Aujourd’hui, nombreux sont ceux qui connaissent l’expression : « La beauté sauvera le monde ». Elle est devenue l’une des idées de la culture contemporaine. On l’entend désormais partout et avec un renvoi inévitable à l’autorité de Dostoïevski. Dans le roman L’Idiot, ce sont les mots du prince Mychkine, non pas prononcés par lui, mais par Hippolyte Terentiev, qui a entendu cette phrase non pas de la bouche du prince, mais transmise par Kolia Ivolguine. Hippolyte pose une question rhétorique à Mychkine : « Est-il vrai, Prince, que vous avez dit un jour que le monde serait sauvé par la “beauté” ? Messieurs, s’écria-t-il d’une voix forte en s’adressant à tout le monde, le prince affirme que la beauté sauvera le monde ! Et moi, j’affirme que s’il a des pensées si légères, c’est qu’il est devenu amoureux. Messieurs, le prince est amoureux, tout à l’heure, à l’instant même où il est entré, j’en ai acquis la conviction. Ne rougissez pas, prince, j’aurais pitié de vous. Quelle beauté sauvera le monde ? C’est Kolia qui me l’a raconté... Êtes-vous un chrétien zélé ? Kolia dit que vous vous dites chrétien ».[i]

Mychkine a laissé ces questions insistantes sans réponse, mais le développement du discours d’Hippolyte est éloquent : il n’est pas satisfait de la formule du Prince, doute de ses croyances chrétiennes, et sa question est opportune et pertinente : « Quelle beauté sauvera le monde ? » Avec une confiance inconditionnelle en Dostoïevski, Alexandre Soljenitsyne a fait part de doutes similaires dans son discours du prix Nobel, et ce, de manière subtile et convaincante sur le plan artistique : pour lui, il faut la triple unité de la Vérité, de la Bonté et de la Beauté.
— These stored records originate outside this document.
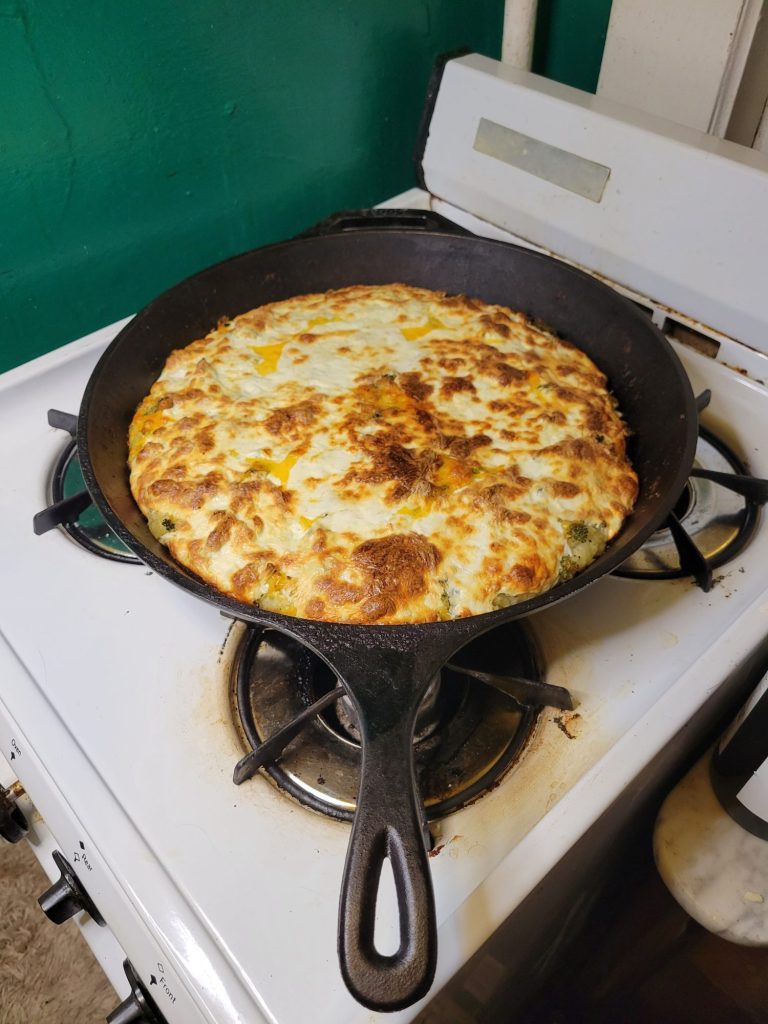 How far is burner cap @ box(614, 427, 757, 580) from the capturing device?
1.15m

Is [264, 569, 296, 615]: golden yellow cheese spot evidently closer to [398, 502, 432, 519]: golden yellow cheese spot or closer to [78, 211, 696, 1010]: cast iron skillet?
[78, 211, 696, 1010]: cast iron skillet

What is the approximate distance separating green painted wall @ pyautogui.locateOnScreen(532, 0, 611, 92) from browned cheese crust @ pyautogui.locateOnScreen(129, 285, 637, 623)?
802 mm

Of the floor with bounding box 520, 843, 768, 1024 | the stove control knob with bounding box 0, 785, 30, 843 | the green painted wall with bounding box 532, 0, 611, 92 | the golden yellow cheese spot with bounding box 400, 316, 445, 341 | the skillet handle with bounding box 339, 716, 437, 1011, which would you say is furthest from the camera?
the green painted wall with bounding box 532, 0, 611, 92

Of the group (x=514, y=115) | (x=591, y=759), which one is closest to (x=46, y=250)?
(x=514, y=115)

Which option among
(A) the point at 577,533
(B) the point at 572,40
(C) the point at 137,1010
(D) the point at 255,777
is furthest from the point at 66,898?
(B) the point at 572,40

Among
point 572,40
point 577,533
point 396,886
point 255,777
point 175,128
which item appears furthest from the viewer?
point 572,40

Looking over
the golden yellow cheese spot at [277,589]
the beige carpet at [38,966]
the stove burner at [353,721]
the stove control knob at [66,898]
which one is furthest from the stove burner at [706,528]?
the beige carpet at [38,966]

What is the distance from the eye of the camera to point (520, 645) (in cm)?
108

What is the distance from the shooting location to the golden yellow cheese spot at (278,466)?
1.16 m

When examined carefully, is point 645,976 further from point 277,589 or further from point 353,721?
point 277,589

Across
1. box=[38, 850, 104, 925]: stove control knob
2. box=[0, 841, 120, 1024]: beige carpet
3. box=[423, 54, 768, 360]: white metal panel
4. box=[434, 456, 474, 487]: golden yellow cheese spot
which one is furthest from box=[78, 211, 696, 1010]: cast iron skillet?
box=[0, 841, 120, 1024]: beige carpet

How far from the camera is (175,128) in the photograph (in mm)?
1487

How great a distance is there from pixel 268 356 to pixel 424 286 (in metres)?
0.39

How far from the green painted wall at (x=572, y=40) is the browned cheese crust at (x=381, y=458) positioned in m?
0.80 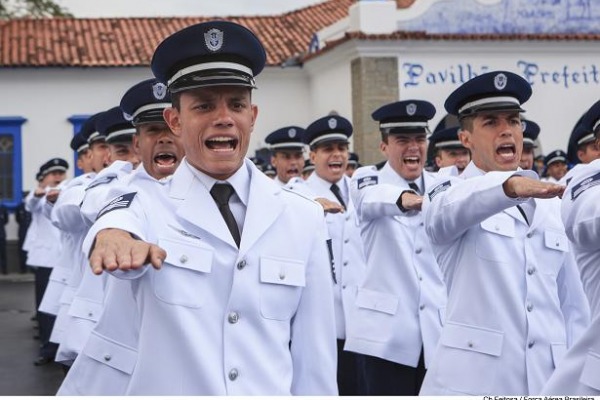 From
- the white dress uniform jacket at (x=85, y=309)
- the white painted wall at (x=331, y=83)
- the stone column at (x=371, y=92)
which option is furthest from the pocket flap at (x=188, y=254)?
the white painted wall at (x=331, y=83)

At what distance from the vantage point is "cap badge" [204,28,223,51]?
322 centimetres

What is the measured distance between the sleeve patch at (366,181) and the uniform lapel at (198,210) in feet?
9.75

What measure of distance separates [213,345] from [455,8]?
1772cm

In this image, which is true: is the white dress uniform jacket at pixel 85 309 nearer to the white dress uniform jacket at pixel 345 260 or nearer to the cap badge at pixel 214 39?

L’aphorisme a fait son entrée dans le roman par des tiers. Il est associé à Mychkine, Kolia Ivolguine et Hippolyte Terentiev. Dans les œuvres de Dostoïevski, de telles situations se produisent lorsque le héros énonce une pensée qui n’est pas épuisée par sa formulation, lorsqu’il est nécessaire de revenir sur une pensée restée incomplète, lorsque l’occasion se présente de « l’essayer », de la mettre à l’épreuve.
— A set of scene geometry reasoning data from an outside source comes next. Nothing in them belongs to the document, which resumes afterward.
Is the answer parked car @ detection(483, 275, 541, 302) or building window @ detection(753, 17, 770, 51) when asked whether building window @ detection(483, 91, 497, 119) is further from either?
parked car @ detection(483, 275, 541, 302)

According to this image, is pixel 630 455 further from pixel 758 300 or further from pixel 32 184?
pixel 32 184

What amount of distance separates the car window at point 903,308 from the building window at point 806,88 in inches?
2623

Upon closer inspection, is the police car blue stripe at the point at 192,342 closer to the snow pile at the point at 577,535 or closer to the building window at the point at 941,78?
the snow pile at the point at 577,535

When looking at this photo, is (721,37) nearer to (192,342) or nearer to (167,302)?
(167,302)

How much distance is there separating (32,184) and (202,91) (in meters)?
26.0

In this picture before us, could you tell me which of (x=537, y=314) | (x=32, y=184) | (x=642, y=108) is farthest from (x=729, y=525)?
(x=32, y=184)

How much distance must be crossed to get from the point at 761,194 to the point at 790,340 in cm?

Même Mychkine ne prend pas l’entière responsabilité de cette pensée marquée de distanciation [otčuždennaja] ; il y a des ébauches en ce sens dans les documents préparatoires du roman :

« Oui, vous avez raison, ce serait méchant et pathétique si... Mais ils comprendront. Le monde sera sauvé par la beauté. Deux modèles de beauté ». Une indication est inscrite dans la marge : « Le Prince dira quelque chose à propos du Christ ».[ii]

Dans ce roman, le Prince n’associe pas la beauté au Christ ; ce sont Stavroguine et Chatov qui le font dans les esquisses des « Pages fantastiques » aux Démons.

Pour Stavroguine, les paroles suivantes étaient ébauchées :

« Le christianisme sauvera le monde et lui seul peut le sauver – c’est ce que nous avons déduit et c’est ce que nous croyons. Premier point. De plus, le christianisme n’existe qu’en Russie, sous la forme de l’orthodoxie. Deuxième point. »

Chatov l’interrompt :

« Ainsi, la Russie sauvera et renouvellera le monde par l’orthodoxie »[iii]

Plus loin, Stavroguine précise sa pensée :

« Beaucoup de gens pensent qu’il suffit de croire à la morale du Christ pour être chrétien. Ce n’est pas la morale du Christ, ni l’enseignement du Christ qui sauvera le monde, mais la croyance que le Verbe s’est fait chair. Cette foi n’est pas une simple reconnaissance intellectuelle de la supériorité de son enseignement, mais une attirance immédiate. Il faut croire que c’est l’idéal final de l’homme, le verbe entièrement incarné, Dieu qui s’est incarné »[iv]

Puis, finalement : « le monde est sauvé par la Beauté du Christ »[v]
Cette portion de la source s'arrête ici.